Lu suite à recommandations diverses de cet auteur via ma ljf-list.

Dans un futur lointain, l'espace a été conquis par l'homme, de nouvelles planètes ont été colonisés, des nouveaux peuples ont vu le jour, et comme toujours et comme partout se sont développés des modèles politiques, économiques et sociaux divers. Parmi ceux-ci, une société anarcho-communiste (ou communisto-anarchiste) s'est constituée sur une planète inhospitalière (Anarres) "cédée" à cet effet, afin de préserver la paix sociale de la planète voisine (Urras) dont sont issus les créateurs de la société en question.

Le livre narre la vie de Shevek, un physicien anarresti, et à travers lui, tout ce qui oppose et est susceptible d'unir deux peuples, deux visions, deux conceptions de l'existence totalement différents. Sur la base d'une découverte qu'il a fait et qui permettrait de communiquer instantanément en chaque instant et en chaque point de l'univers, Shevek quitte Anarres et découvre Urras afin de partager ses connaissances. Le lecteur suit alors, par succession de flashbacks, l'évolution de Shevek, de sa perception de sa propre société, de ses bienfaits et de ses travers, jusqu'à sa prise de conscience politique personnelle.

Mon ressenti est mitigé.

D'un côté, c'est très bien écrit (le style de l'auteur est plutôt original), les thèmes abordés sont intéressants et prêtent véritablement à la réflexion avec une mise en perspective des deux modes de vie alors majoritairement en vigueur dans notre monde à la sortie du roman en poussant le raisonnement jusqu'au boutisme.
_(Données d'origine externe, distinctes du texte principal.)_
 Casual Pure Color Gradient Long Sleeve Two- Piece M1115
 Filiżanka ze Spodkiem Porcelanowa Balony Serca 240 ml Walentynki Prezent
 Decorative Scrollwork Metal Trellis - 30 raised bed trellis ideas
Anarres et sa conscience sociale résolument collective jusque dans les règles sémantiques d'une langue spécialement inventée pour répondre aux exigences d'un mode de pensée communiste (i.e. pas d'utilisation de pronoms possessifs) associée à une stricte égalité entre tous les êtres, Urras et sa démocratie libérale, son économie capitaliste, son absence d'égalité hommes/femmes, les élites confortablement installées tandis que les pauvres se révoltent avant d'être matés sans pitié. Dis comme ça, ça peut sembler assez caricatural mais j'ai eu le sentiment que l'auteur cherchait à démontrer le meilleur comme le pire des deux fonctionnements sachant que son intérêt se portait vraisemblablement sur le cas Anarres, qu'elle considérait comme étant potentiellement le meilleur mais trop enclin à une certaine forme de totalitarisme pour garantir sa pérennisation, comme sur Urras mais différent, plus insidieux.
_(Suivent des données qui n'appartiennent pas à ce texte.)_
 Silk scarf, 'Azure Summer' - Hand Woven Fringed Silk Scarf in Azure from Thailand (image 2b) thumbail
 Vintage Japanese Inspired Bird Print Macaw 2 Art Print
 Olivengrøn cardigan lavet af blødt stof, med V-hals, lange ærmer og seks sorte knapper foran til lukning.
De l'autre, j'ai trouvé l'ensemble globalement assez aride dans le sens où il m'a fallu atteindre les quatre cinquièmes du livre pour éprouver enfin un semblant d'empathie pour Shevek. Difficile de se sentir investie dans un livre, en tout cas pour moi, si le sort des personnages m'est indifférent. Or, cela a été le cas pendant la majeure partie de ma lecture. Par ailleurs, ma propre conscience sociale n'excédant pas la surface d'un timbre poste, je ne peux pas dire que je me sois sentie concernée plus que ça par les atermoiements de Shevek, certes compréhensibles mais qui me sont trop étrangers. Après, l'auteur fait très bien le job et ce que je conçois pas émotionnellement, m'a toutefois atteint intellectuellement parlant.
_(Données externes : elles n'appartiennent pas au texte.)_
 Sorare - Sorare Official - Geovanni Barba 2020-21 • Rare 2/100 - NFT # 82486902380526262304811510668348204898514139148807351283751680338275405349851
En bref, sur le fond, il me semble que ce livre peut être considéré comme un "classique" à lire de par le style de l'auteur, les sujets abordés et aussi par son petit côté "anticipation", notamment concernant la destinée de Terra (notre Terre) dans ce futur lointain qui en l'occurrence ne l'est plus tant que ça tant il résonne étrangement avec notre futur proche (réchauffement climatique, épuisement des ressources, surpopulation). Toutefois, la lecture reste exigeante avec un aspect politique omniprésent qui peut rebuter et écrase, à mon sens, l'aspect humain de l'histoire.



"Sonate pour Gustav" de Rose Tremain (2017)


Le genre "lecture estivale" qui fait du bien.

Seconde guerre mondiale. En Suisse, Gustav, petit garçon pauvre élevé par sa mère sévère et rigide qui peine à joindre les deux bouts, fait la rencontre d'Anton, petit garçon juif, dont les riches parents se sont réfugiés dans le pays pour échapper aux déportations. Les deux garçons vont grandir ensemble et leur amitié se renforcer au fil du temps malgré le caractère égoïste d'Anton, pianiste surdoué mais incapable de se produire en public, et les difficultés économiques subies par Gustav en sus de l'absence de considération et d'amour de la part de sa mère qui n'aime pas beaucoup Anton.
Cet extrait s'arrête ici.